Gian shoved his clenched fists into his pockets, determined to stay on the other side of the room from his wife. Elena was good at these games—too good, really. She was known for her manipulations, something she had picked up from her bastard of a father, and she used them on Gian without blinking a lash about it. He had no doubt that was exactly what she was trying to do here. If she pissed him off enough to react, then it would be to her favor, and not his, when someone came to ask for his behavior toward his wife, and he would need to answer appropriately.

“You say that,” Gian murmured, “like you’ve known for a while that I’ve been seeing someone on more than a casual basis, Elena.”

He saw the tightening of her jaw.

It was her one tell for when she lied.

“And?” she asked.

“If you had such a problem with it, why not call me, or send someone over, write a fucking email, or whatever. Why today, of all days, is it that you have the problem with this? We’re not together, we don’t even fuck when we do have to pretend for an evening, and I am more than happy with letting you drain my bank accounts, as long as you’re content on your side of the city. Why call me and demand answers from me now?”
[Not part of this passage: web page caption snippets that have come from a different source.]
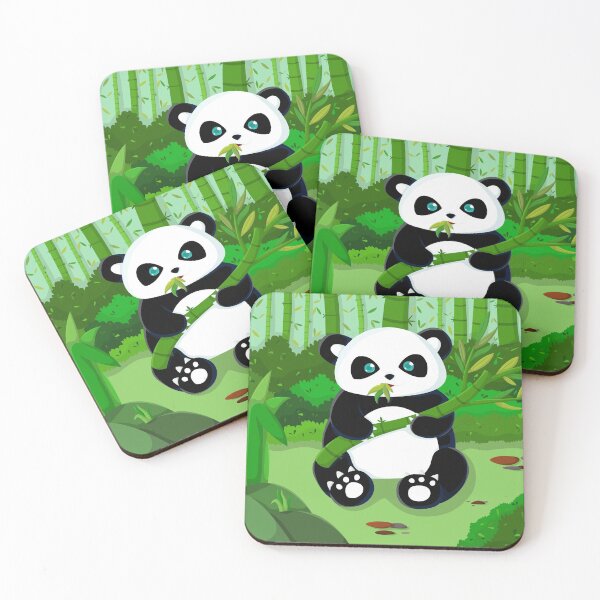 Item preview, Panda Munching on Bamboo designed and sold by ZaryaKiqo.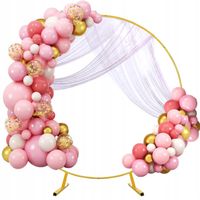 STOJAK NA BALONY STELAŻ URODZINY DEKORACJE WESELE DO SESJI DUŻY WESELE 2M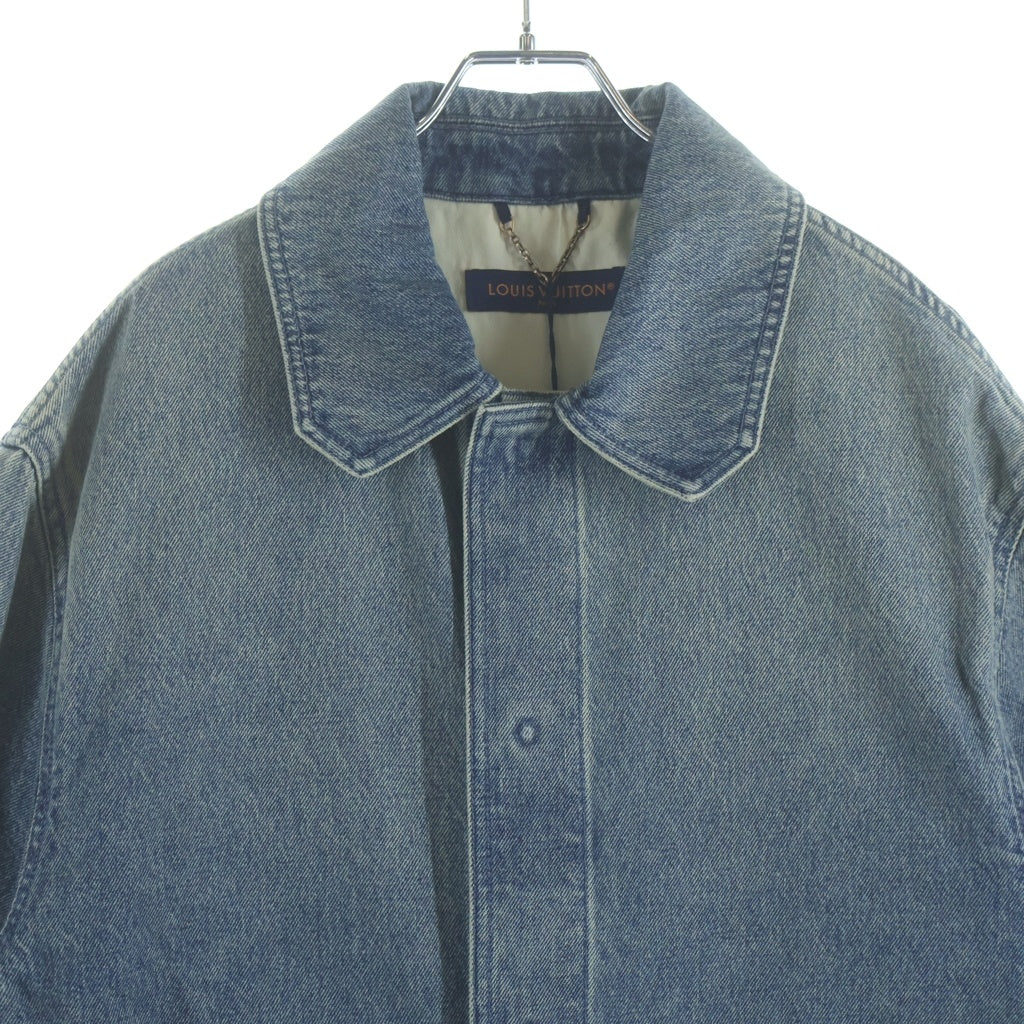 LOUIS VUITTON(ルイヴィトン) 23AW LVモノグラム デニム 半袖シャツ インディゴ RM232Q Y38 HOS46W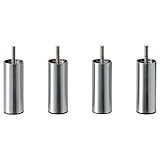 IKEA Bjorli 3 7 / 8 "シルバーメタルスチールベッドRisers – Bestメタルフレーム寝室ベッド脚Risers – 簡単にインストール – セットof 4 – m8 | 8 m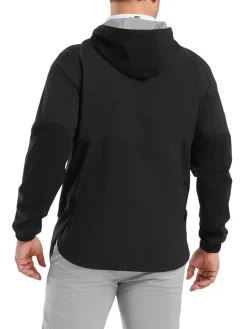 FootJoy Wind & Rain Wear|HydroLite X Rain Hoodie - Black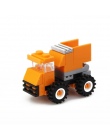 Mini City Budowa Modelu Building Blocks Zabawki Samochodów Inżynier Żołnierz Ciężarówka Zabawki Edukacyjne dla Dzieci Przedszkol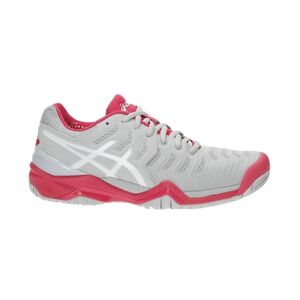 Asics Resolution 7 Glacier Grey/White/Rouge Red Size 37, 37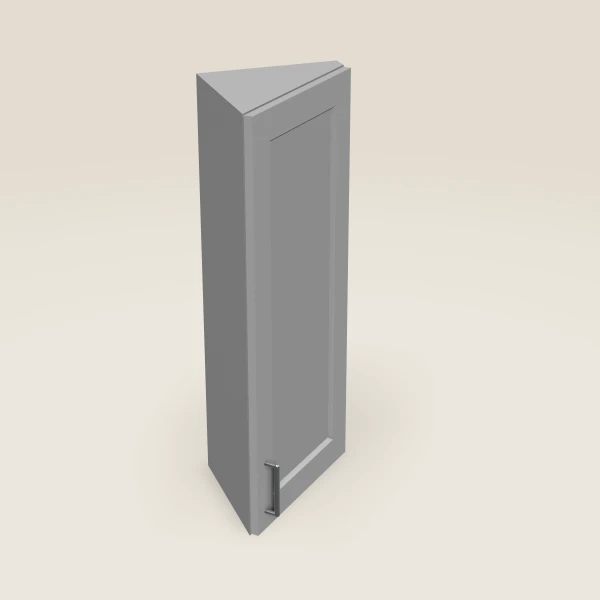 12" Wall Angle Corner Cabinet — 36" High, 3D picture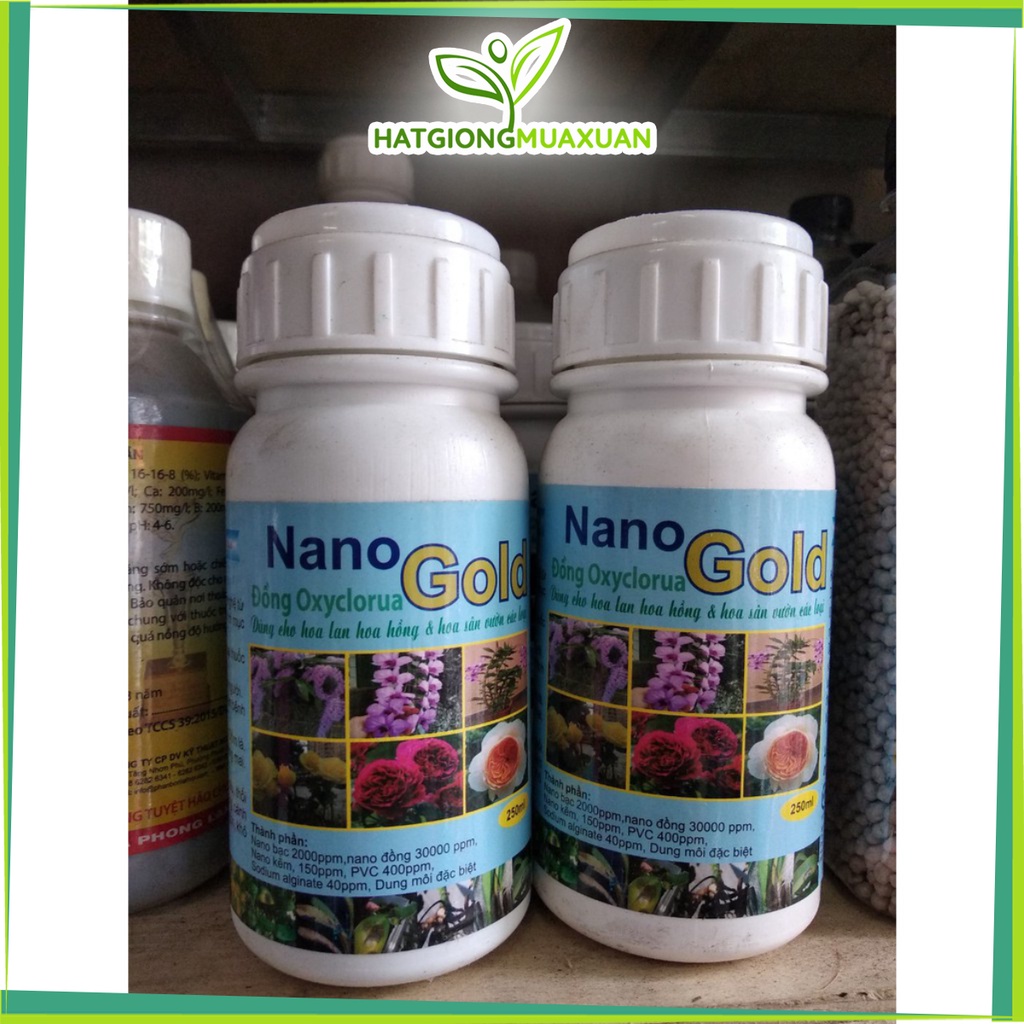 [SIEURE] NANO ĐỒNG OXYCLORUA GOLD - Dùng cho hoa hồng, hoa lan... hàng đẹp, phân phối chuyên nghiệp.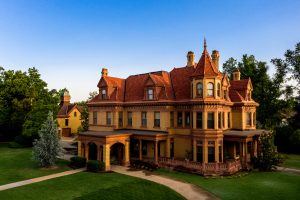 The Henry and Anna Overholser Mansion front entrance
Elena tipped her chin up, looking away again. “You made me look like a fool, Gian.”

“Excuse me?”

“You had her all over the city, taking her out, dressing her up, and playing pretend with your people and even some of your family. You made me look like a goddamn fool. Does she know about me, when I didn’t even know about her?”

“Now she does,” Gian said, offering little else in that regard.

He would deal with Cara when she arrived that afternoon.

It was none of Elena’s damned business.

“The least you could have done was give me the benefit of knowing,” Elena spat at him, that fire returning to her gaze before she had even blinked. “You couldn’t even do that. My mother called, which means my father knows, too.”

“I had no reason to tell you. Beyond the fact we’re not even together, we haven’t spoken in ten months, and the last time we did talk, it was for you to tell me to get your fucking credit card fixed because it expired and the new card didn’t come to your address. I know you were asked to the funeral for my grandfather, and you didn’t even show face for that, as a wife should do. I didn’t care. I have never cared. We’re not together. We haven’t been together in—”

“Then fucking give me a divorce!”

Gian stilled on the spot, letting each one of those words stab into his skin like little daggers, tearing him apart, piece by piece.

How simple her demand was.

How much he wanted to agree.

He should.

He needed to.

They would both be happier, they could both put the years of shit behind them to rest, and move on to better things—better people.

It wasn’t that easy.

“I can’t,” Gian said quietly.

Dio, he wished that didn’t have to be his answer.

Elena let out a sound that came off broken and frustrated, all at the same time. She threw her hands high, and glared at him as she said, “I don’t want to hear that anymore, not now!”

“You come from the same world as I do. You know there’s no other acceptable answer. Divorce doesn’t exist to made men, or their wives. It never has, it never will, and we won’t be the exception. I won’t give up my life as a sacrifice, simply because three years ago, you tricked me into marrying you.”

“I didn’t trick you.”

“Then what would you call it?” he roared back. “What would you call the things you did and how you lied to me?”